Val y yo conocimos a los Underhill la primera vez que él tomó una combinación de toxinas tan variopinta que creí que ya no volvería a respirar. Vivíamos en Cedar Street, en una habitación sin ventanas que parecía una panera con un fogón y dos catres, y una noche, con catorce años, llegué a casa y me encontré a mi hermano de veinte con toda la pinta de ser su propia efigie de mármol. Tras intentar espabilarle, corrí a la calle, aturdido por el miedo, y la primera señal de ayuda que vi fue la luz encendida de la rectoría contigua a la iglesia de la esquina de Pine.
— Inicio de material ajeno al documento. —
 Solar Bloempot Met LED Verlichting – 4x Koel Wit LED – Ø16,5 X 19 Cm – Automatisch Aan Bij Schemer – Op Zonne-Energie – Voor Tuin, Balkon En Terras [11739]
Cuando llamé a la puerta, ésta se abrió y apareció un hombre sobrio y de mirada inquisitiva en mangas de camisa, y vi a una mujer pálida que hacía punto con destreza junto a la chimenea y a una inolvidable niña de pelo negro que leía un libro, tumbada boca abajo en la alfombra bordada, con los tobillos cruzados.
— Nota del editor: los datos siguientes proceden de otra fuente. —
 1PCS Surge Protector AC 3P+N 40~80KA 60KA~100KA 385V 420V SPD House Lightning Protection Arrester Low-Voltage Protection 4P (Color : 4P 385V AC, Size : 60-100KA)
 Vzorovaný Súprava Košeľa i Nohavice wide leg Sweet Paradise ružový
Algunos clérigos sólo sirven para dar discursos, pero Thomas Underhill sabe cómo se usa el agua caliente, las sales, el brandy, el amoníaco y el sentido común, y esa noche los utilizó todos. La mirada que me echó al salir de nuestra habitación fue la más amable posible, dadas las circunstancias, y en ella no había la menor huella de compasión. A la mañana siguiente, ya al corriente de lo sucedido, Val se dirigió a la residencia de Underhill y habló con el reverendo. Debió de ser la charla más elocuente de la historia, porque esa misma tarde nos invitaron a tomar el té, y me encontré sentado frente a Mercy Underhill, contemplando en arrebatada fascinación cómo respiraba el aire fresco sobre su taza de té negro. Val había llevado un ramo de margaritas silvestres para la señora Underhill, a modo de disculpa por las molestias que hubiera podido ocasionar.
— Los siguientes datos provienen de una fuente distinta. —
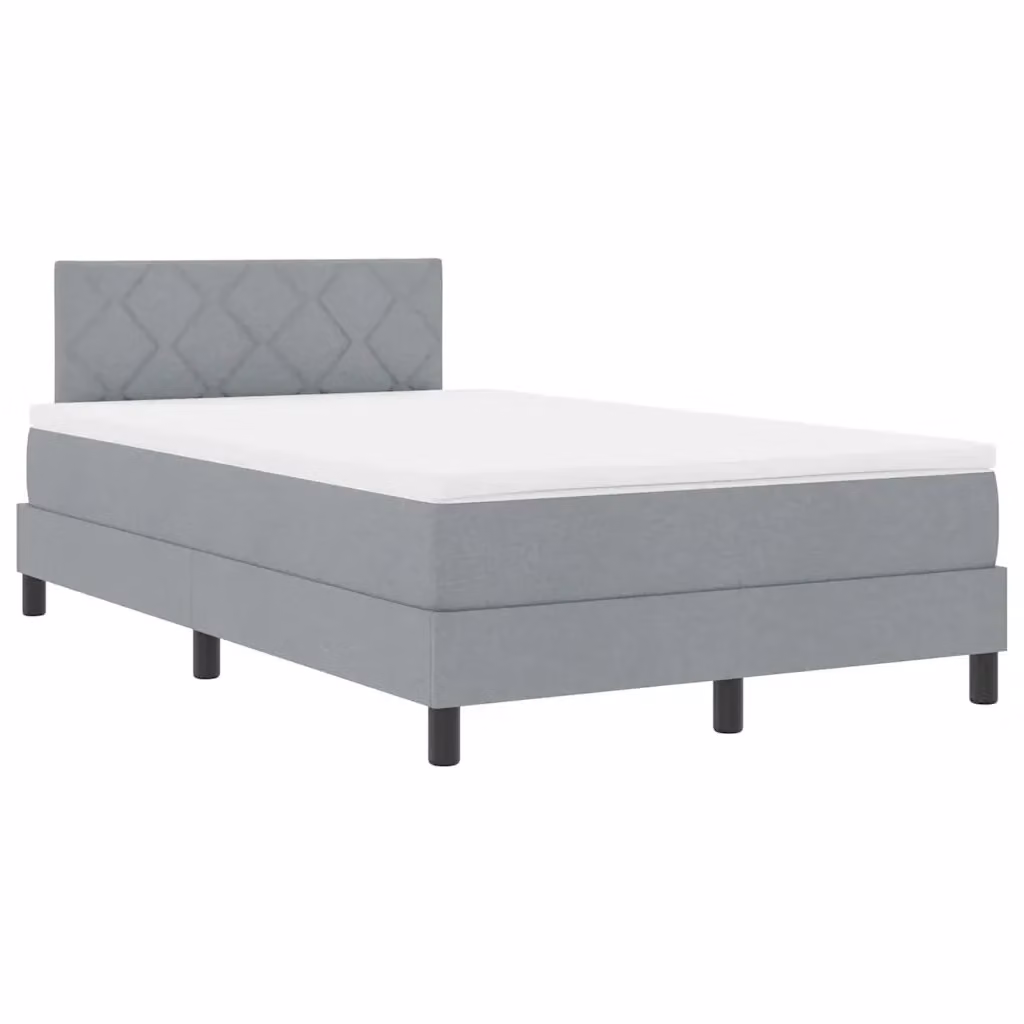 Letto a molle con testiera vidaXL in tessuto grigio, L/P/H: 120 x 200 x 88 cm – 2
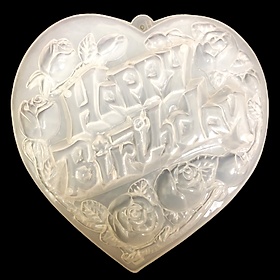 Khuôn rau câu sinh nhật Happy Birthday hoa hồng – Khuôn hình tim loại 20 cm - Mã số 1091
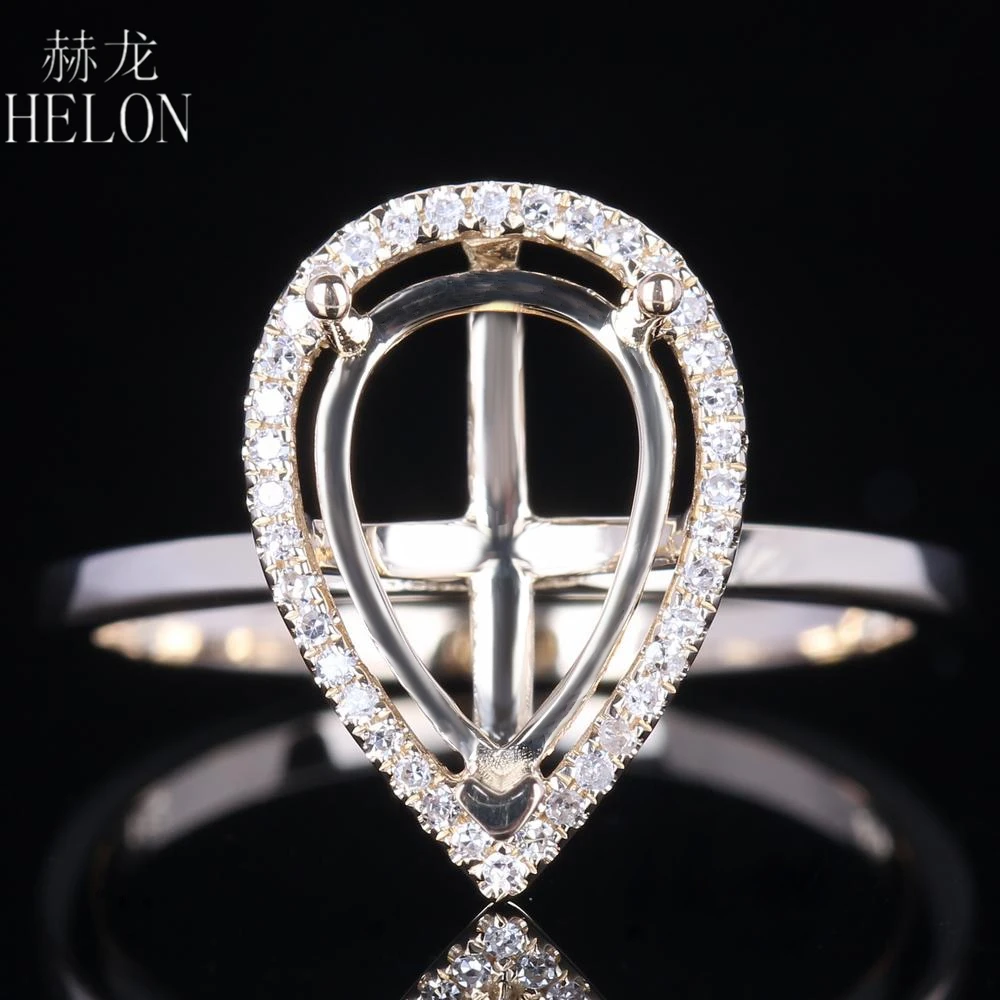 

HELON 10x7mm Pear Cut Solid 14K Yellow Gold AU585 Natural Diamonds Semi Mount Engagement Ring Women Wedding Trendy Fine Jewelry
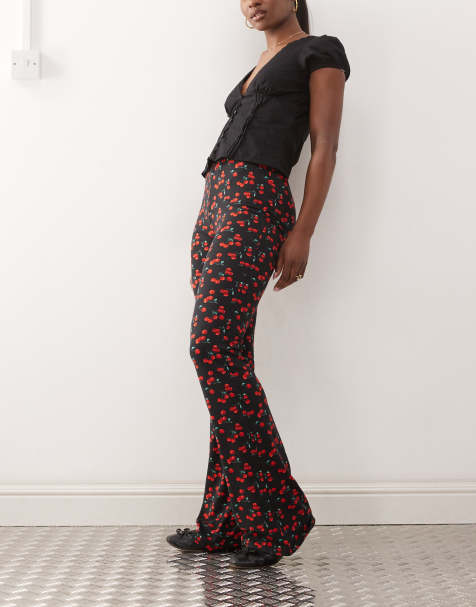 Noisy May flare pants in cherry print - view 1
En cuanto a mí, robó una chuleta de alguna parte, pues bien sabe Dios que no podíamos pagarla, y aquella noche la cocinó asombrosamente bien en nuestra paupérrima cocina. No dijo ni una palabra más sobre la noche anterior, ni de disculpa ni de agradecimiento ni de nada. No es que me conmoviera.

Así, por un accidente casi trágico vi crecer a Mercy. Ella escribía poesía, cuentos y dramas de un acto cada segundo que tenía libre; Val, yo y el reverendo pintábamos las macetas de la rectoría de amarillo cada primavera, y Olivia Underhill, mientras vivió, preparaba el mejor roscón que he probado en mi vida. Recordé las incontables veces que nos habíamos sentado a su mesa, después de un baile de bomberos, Val sonrojado bajo el cuello de su camisa, y yo sonrojado también pero por razones completamente distintas.

Con un humor de perros, recorrí el trayecto, confiado en que encontraría, al menos, una distracción de regusto amargo como el chocolate, que pasaría un rato denso, rico, oscuro e irresistible.

La única sirvienta de los Underhill, una pobre y pálida jovencita desamparada de origen británico llamada Anna, sonrió al abrir la puerta. Luego frunció el ceño, curiosa sin duda ante la novedad de que un cuarto de mi cara no pareciera digno de la luz del sol. Pero me explicó inmediatamente que Mercy estaba atendiendo un caso muy grave de escorbuto en el East River, una familia que se alimentaba sólo de pescado pasado y pan duro, y que el reverendo estaba en el salón.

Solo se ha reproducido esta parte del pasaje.